Wimbledon’ın ilk Afrikalı şampiyonu efsâne tenisçi Arthur Ashe, kan naklinden kaptığı
AIDS virüsü nedeniyle ölüm döşeğindeydi. Hayranlarından birisi sordu: “Tanrı böylesine kötü
bir hastalık için neden seni seçti?” Arthur Ashe cevap verdi: “Tüm dünyada 50 milyon çocuk
tenis oynamaya başlar, 5 milyonu tenis oynamayı öğrenir. 500 bini profesyonel tenişçi olur, 50
bini yarışmalara girer, 5 bini büyük turnuvalara erişir, 50’si Wimbledon’a kadar gelir, 4’ü yarı
finale, 2’si finale kalır. Elimde şampiyonluk kupasını tutarken Allah’a ‘Neden ben?’ diye hiç
sormadım. Şimdi de sancı çekerken Allah’a nasıl ‘Neden ben?’ diye nasıl sorabilirim ki” demiş
efsâne.
Ve devam etmiş; “Mutluluk insanı keyifli yapar, zorluklar ise güçlü… Hüzün insanı
insan yapar. Allah’a asla ‘Neden ben?’ diye sormayın. Ne olacaksa, olur. İşte, başarılı olan
insanların birçoğunun, kazanılan başarıdan sonra içine düştüğü kötü bir yanılgı vardır. Bu da
hayatın elde edilen başarıdan dolayı insana borçlu kalması durumudur” diye konuyu bağlamış.
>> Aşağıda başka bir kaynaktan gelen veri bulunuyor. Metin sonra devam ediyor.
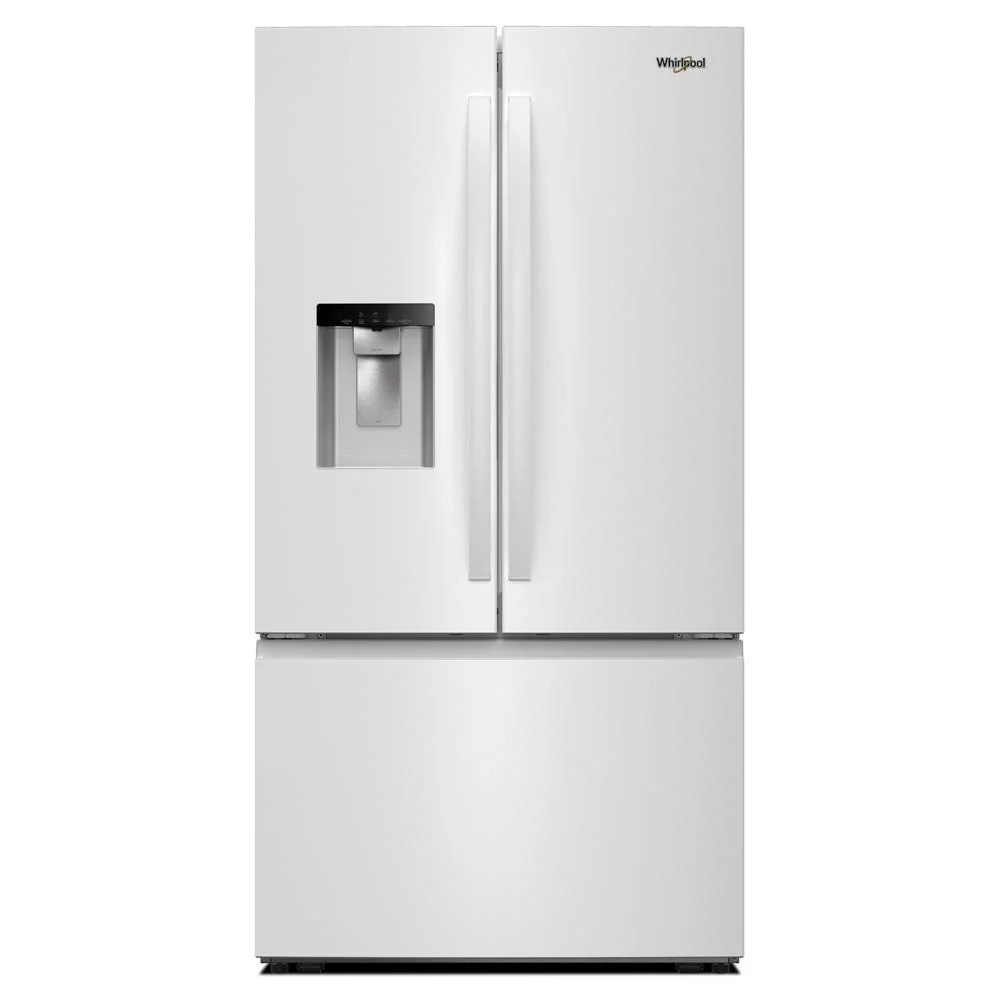 Powerful 36-Inch French Door Refrigerator with In-Door Water and Ice Maker – 30 cu. ft. Reliable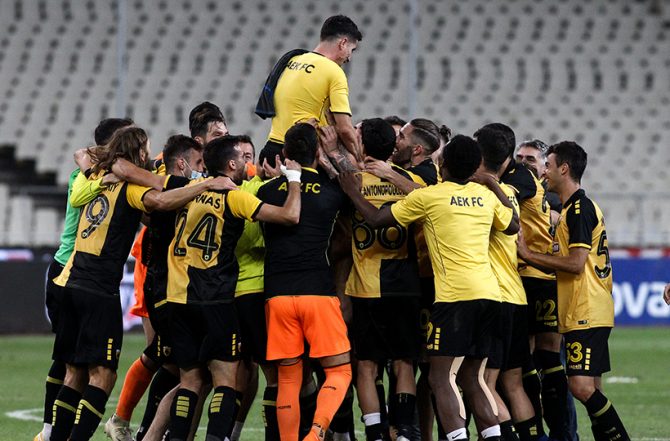 Το πρόγραμμα της ΑΕΚ στο Europa League (ΦΩΤΟ)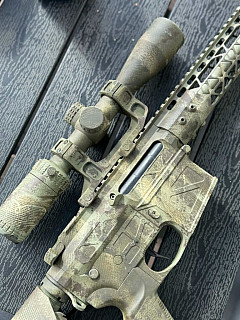 VictOptics puškohled SOI 3-9x40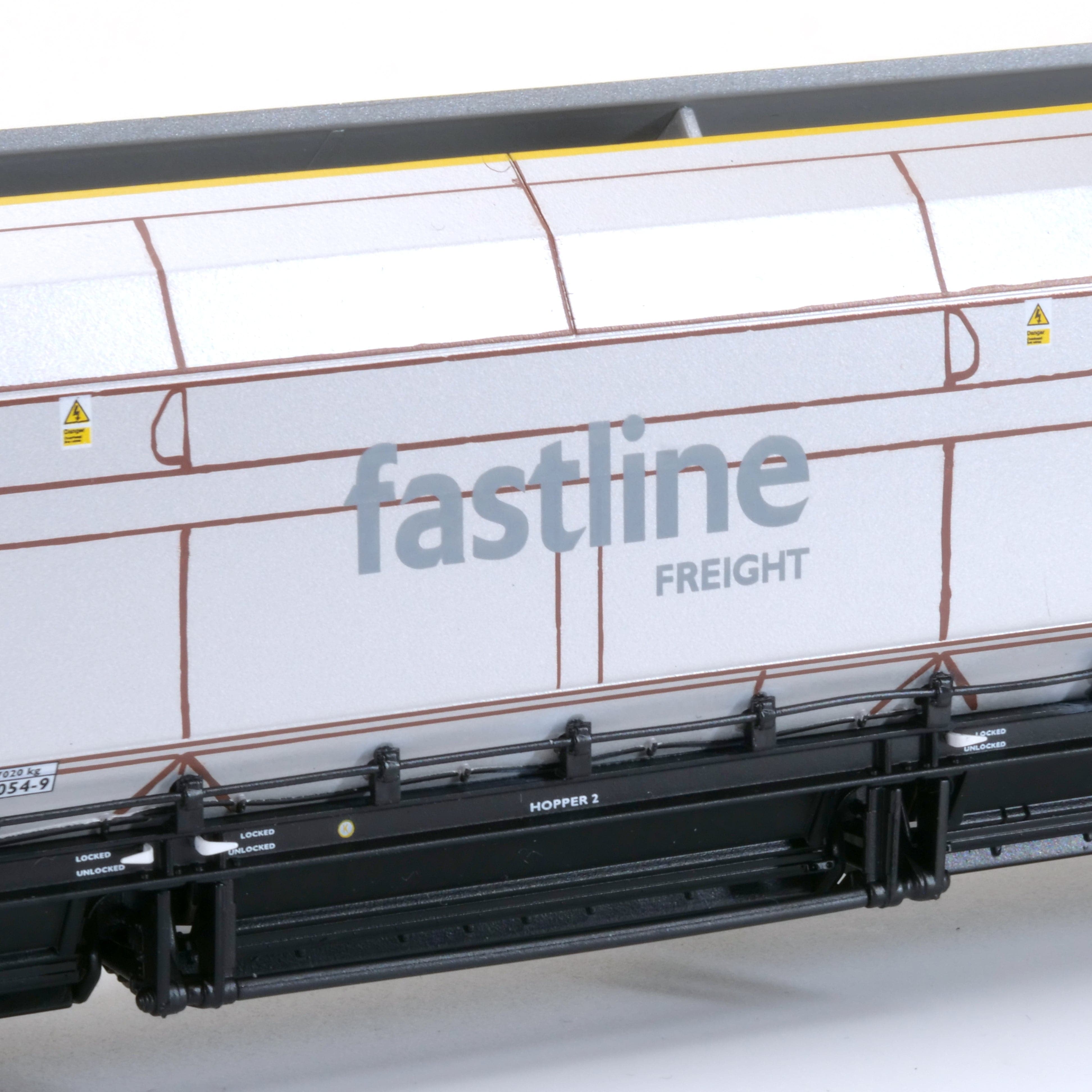 HYA Bogie Hopper Wagon - Unpainted Touax - Pack 1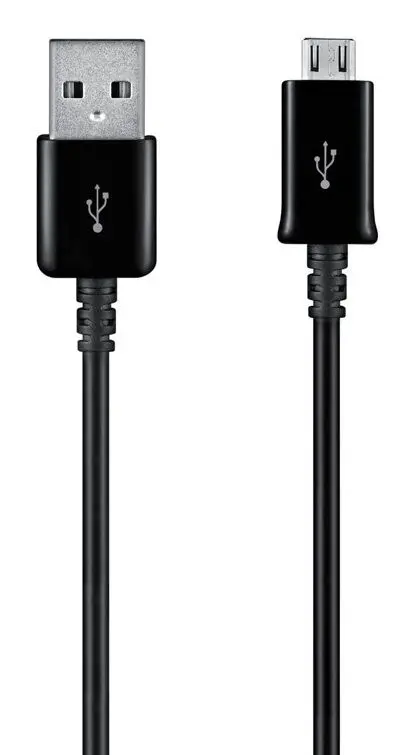 Кабель USB microUSB Samsung 1.5 m (Black)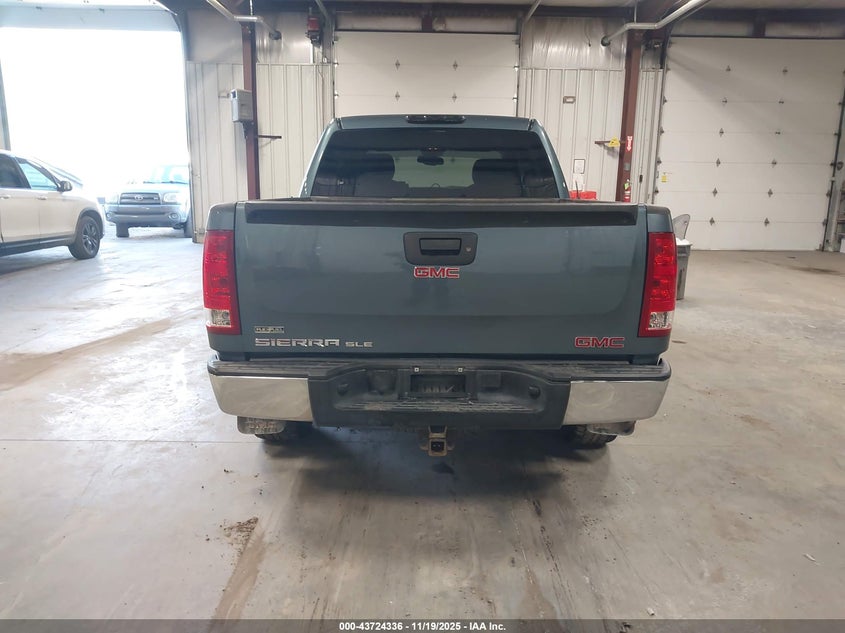 2010 GMC Sierra 1500 Sle VIN: 3GTRKVE32AG166163 Lot: 43724336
Neyse, Arthur Ashe’ye katılıyoruz ama bilinsin ki kaderin de üzerinde bir kader vardır.
Kader mi? Ezeli vakitten başlayıp ebediyete kadar olmuş olan ve olacak şeylerin zamanının,
yerinin ve nasıl olacağının Allah tarafından bilinmesini ifâde eder. Kaza ise Allah’ın daha önce
bilip takdir etmiş olduğu her şeyin zamanı gelmesi durumunda ortaya çıkarılmasıdır. İşte, bu
süreçte de mutlak kader hâsıl olur. Sonuç mu? Geçmiş, geçmiştir. Geleceğe umutla bakmak
dileğiyle, rüyamızda.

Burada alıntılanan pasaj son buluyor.